YOUR ASSIGNMENT:
Of all the lines in the entries below, give again exactly those starting at the line containing "כלי רכב מסחרי עם לוח MAN TGE" and ending at the line containing "Omega Seamaster Aqua", both ends included, and no others.

LISTED ENTRIES:

---------------

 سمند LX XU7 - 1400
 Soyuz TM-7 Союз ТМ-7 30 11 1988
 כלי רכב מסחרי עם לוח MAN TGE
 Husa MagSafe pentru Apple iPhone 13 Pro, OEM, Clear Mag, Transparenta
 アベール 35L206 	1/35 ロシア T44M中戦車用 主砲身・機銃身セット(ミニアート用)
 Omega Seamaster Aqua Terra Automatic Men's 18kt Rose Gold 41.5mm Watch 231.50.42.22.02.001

---------------

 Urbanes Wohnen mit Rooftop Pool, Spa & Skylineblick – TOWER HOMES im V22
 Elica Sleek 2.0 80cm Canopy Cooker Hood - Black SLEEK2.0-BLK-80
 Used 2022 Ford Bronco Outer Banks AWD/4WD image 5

---------------

TASK RESULT:
 כלי רכב מסחרי עם לוח MAN TGE
 Husa MagSafe pentru Apple iPhone 13 Pro, OEM, Clear Mag, Transparenta
 アベール 35L206 	1/35 ロシア T44M中戦車用 主砲身・機銃身セット(ミニアート用)
 Omega Seamaster Aqua Terra Automatic Men's 18kt Rose Gold 41.5mm Watch 231.50.42.22.02.001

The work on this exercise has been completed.